Directions
Using only the entries below, copy exactly the lines that begin at the one with "Brixton Mechanic's Garage" and end at the one with "Image 3 : 9", both included. Drop the pictures.

Provided information
○ ○ ○
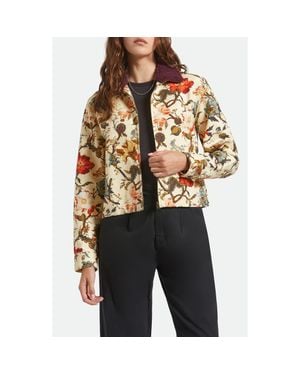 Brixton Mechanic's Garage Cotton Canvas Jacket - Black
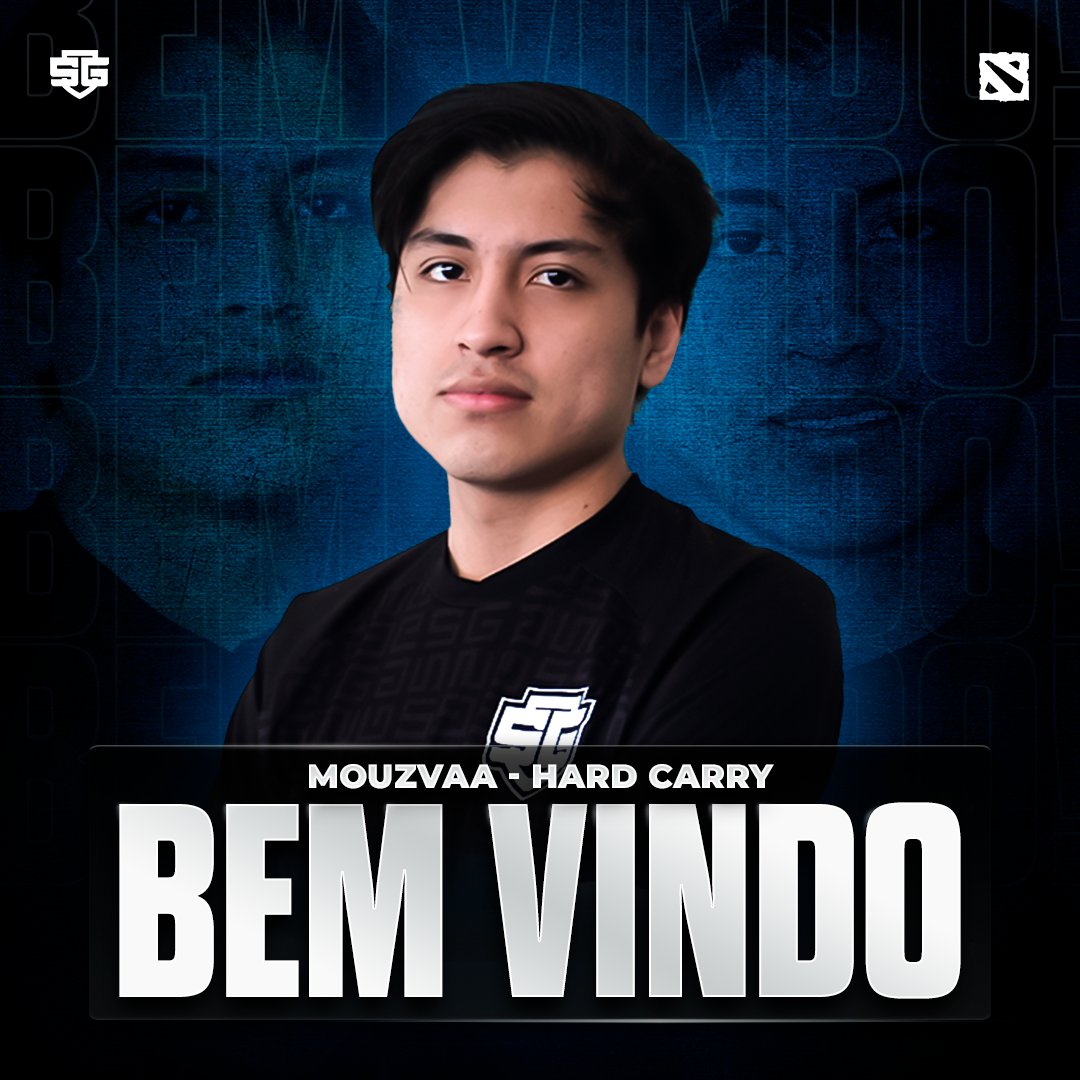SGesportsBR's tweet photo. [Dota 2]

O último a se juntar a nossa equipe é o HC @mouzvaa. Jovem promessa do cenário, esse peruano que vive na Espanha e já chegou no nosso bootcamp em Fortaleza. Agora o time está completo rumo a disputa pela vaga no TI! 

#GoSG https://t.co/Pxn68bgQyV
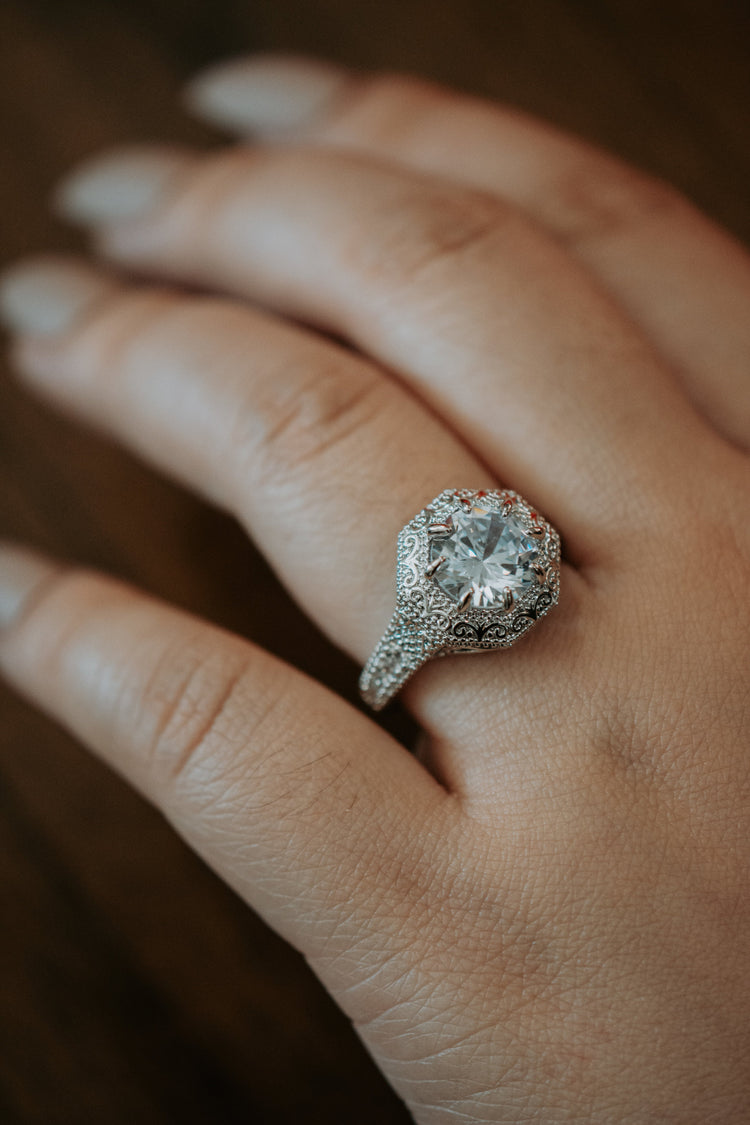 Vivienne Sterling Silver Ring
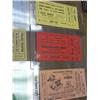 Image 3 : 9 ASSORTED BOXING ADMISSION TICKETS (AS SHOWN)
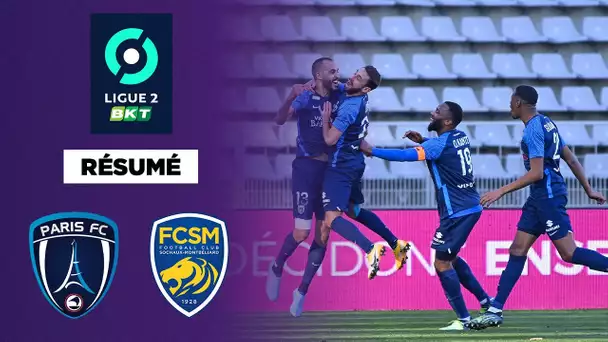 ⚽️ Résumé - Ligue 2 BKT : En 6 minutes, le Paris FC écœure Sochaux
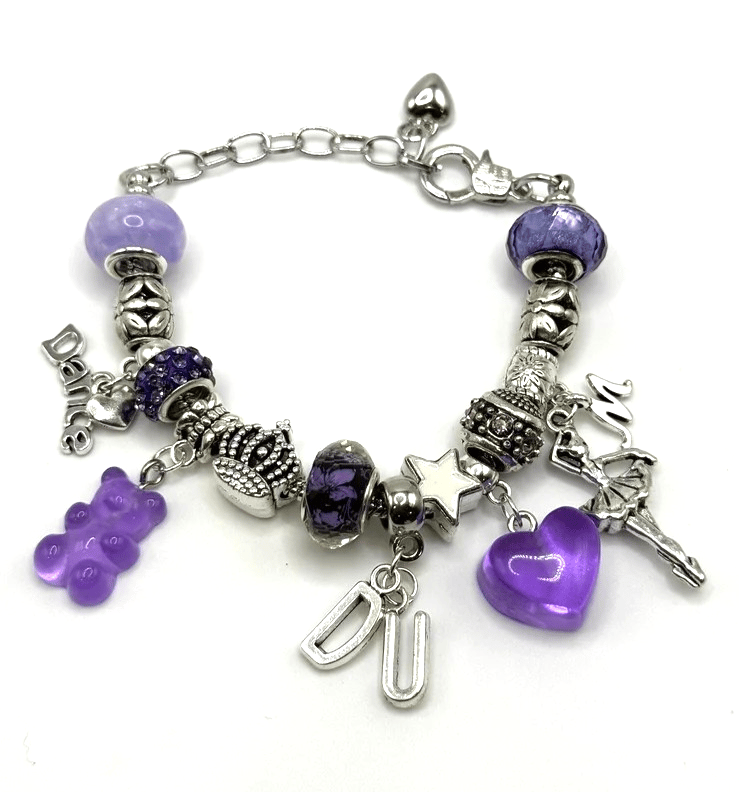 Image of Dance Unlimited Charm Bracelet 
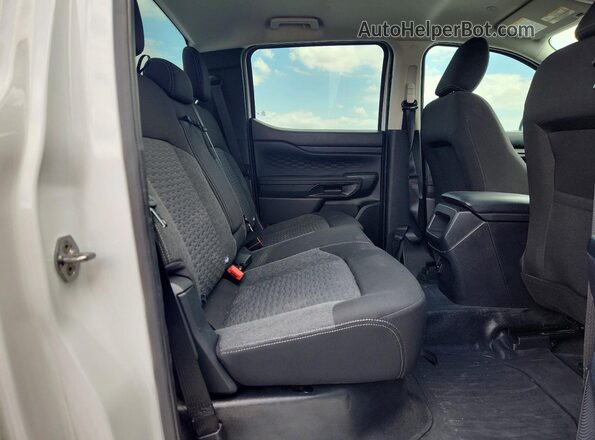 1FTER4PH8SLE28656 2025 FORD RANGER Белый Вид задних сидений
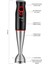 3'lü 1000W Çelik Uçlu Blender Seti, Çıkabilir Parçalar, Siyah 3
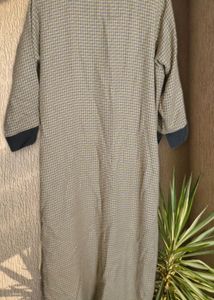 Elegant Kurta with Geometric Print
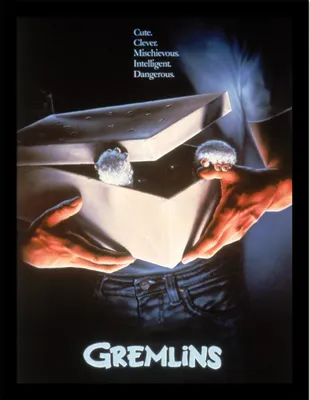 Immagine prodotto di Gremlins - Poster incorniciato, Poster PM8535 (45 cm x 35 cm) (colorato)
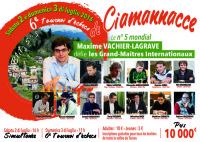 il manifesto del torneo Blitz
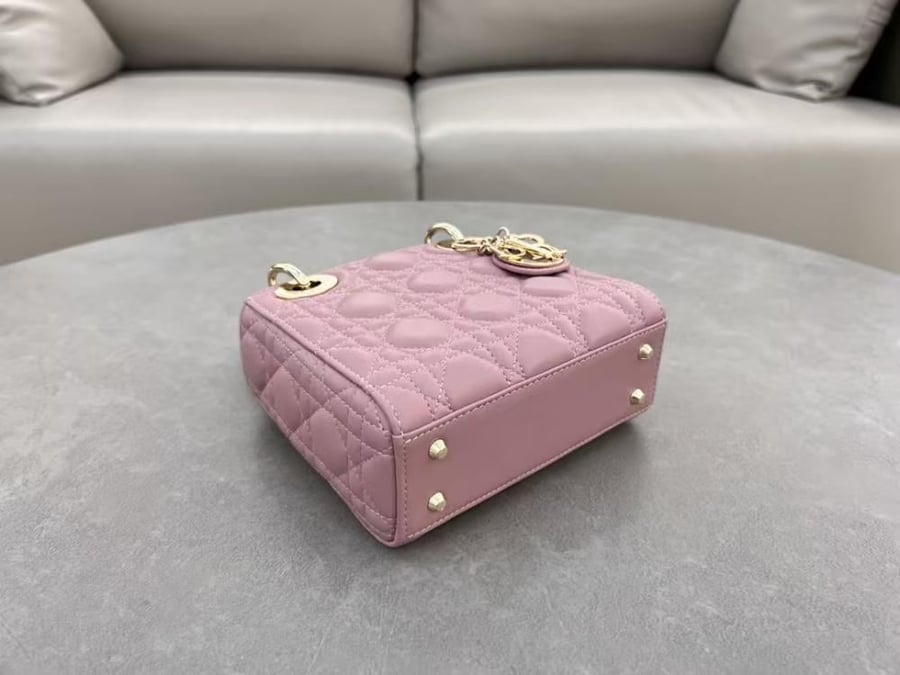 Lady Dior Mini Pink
○ ○ ○
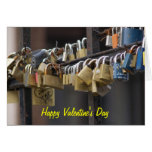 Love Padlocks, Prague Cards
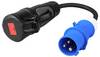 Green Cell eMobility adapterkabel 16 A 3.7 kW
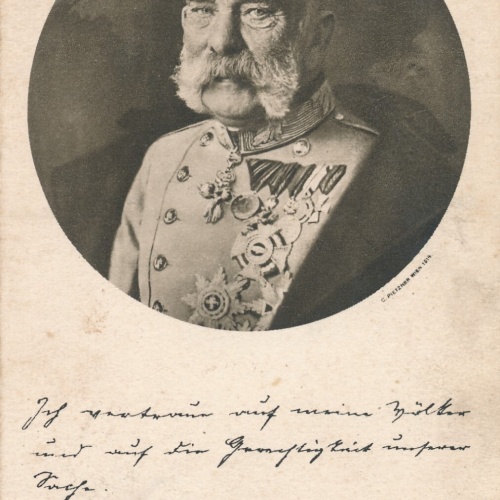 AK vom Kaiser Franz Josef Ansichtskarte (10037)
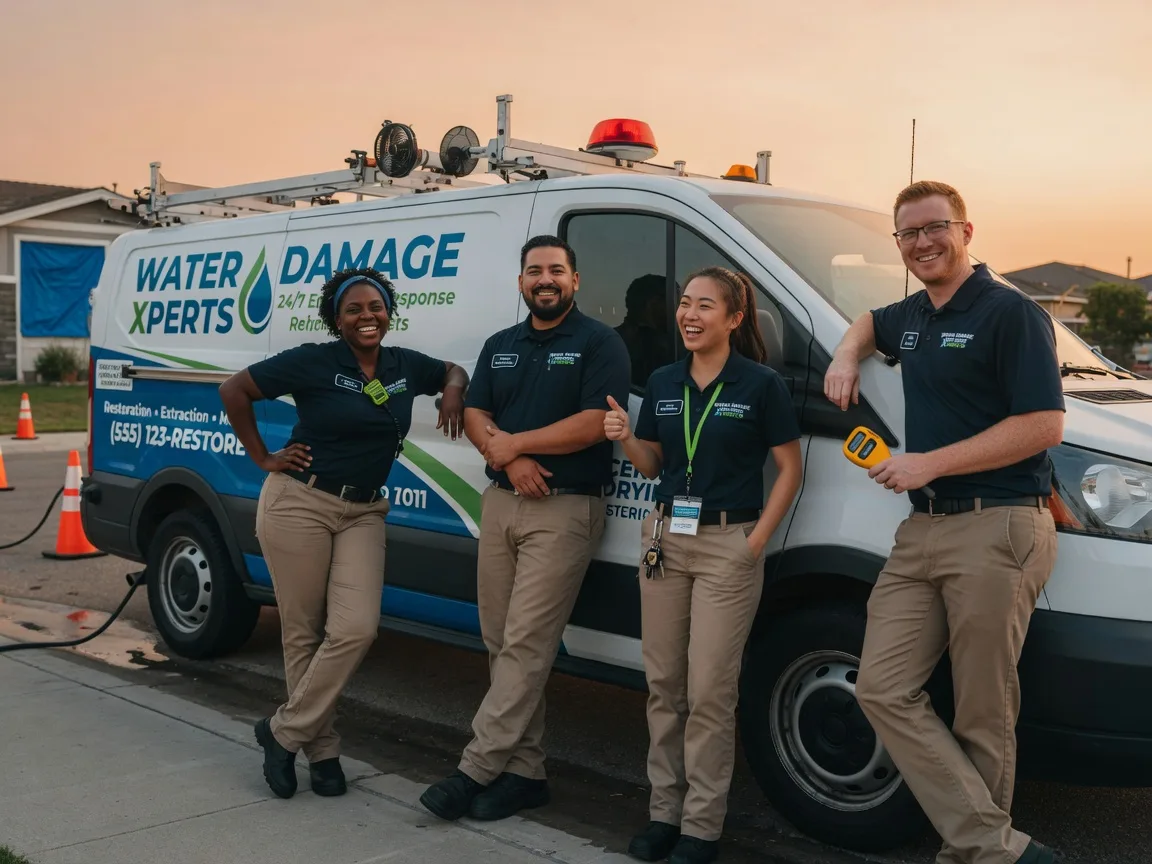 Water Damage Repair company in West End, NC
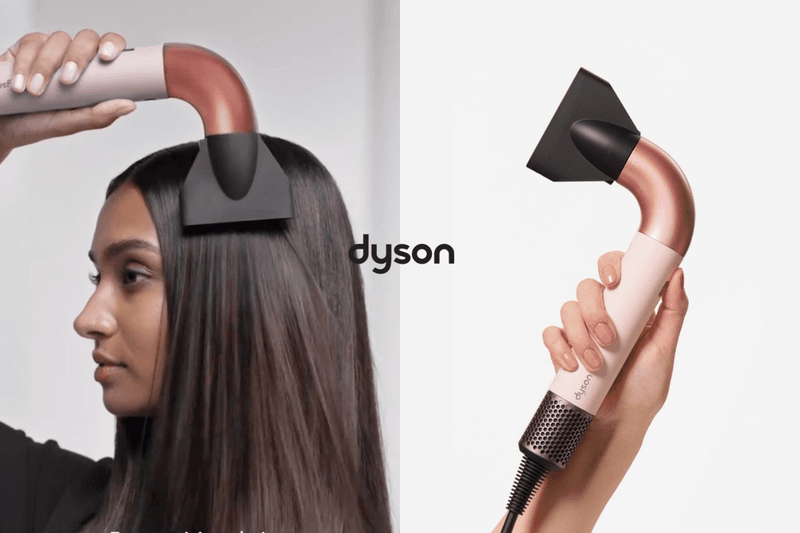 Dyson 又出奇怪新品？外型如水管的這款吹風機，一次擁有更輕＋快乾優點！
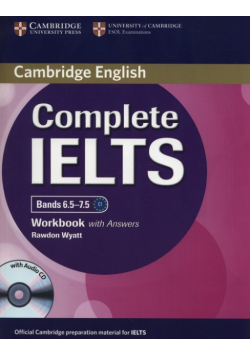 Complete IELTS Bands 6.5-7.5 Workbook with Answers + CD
○ ○ ○
Result of the task
 Brixton Mechanic's Garage Cotton Canvas Jacket - Black
SGesportsBR's tweet photo. [Dota 2]

O último a se juntar a nossa equipe é o HC @mouzvaa. Jovem promessa do cenário, esse peruano que vive na Espanha e já chegou no nosso bootcamp em Fortaleza. Agora o time está completo rumo a disputa pela vaga no TI! 

#GoSG https://t.co/Pxn68bgQyV
 Vivienne Sterling Silver Ring
 Image 3 : 9 ASSORTED BOXING ADMISSION TICKETS (AS SHOWN)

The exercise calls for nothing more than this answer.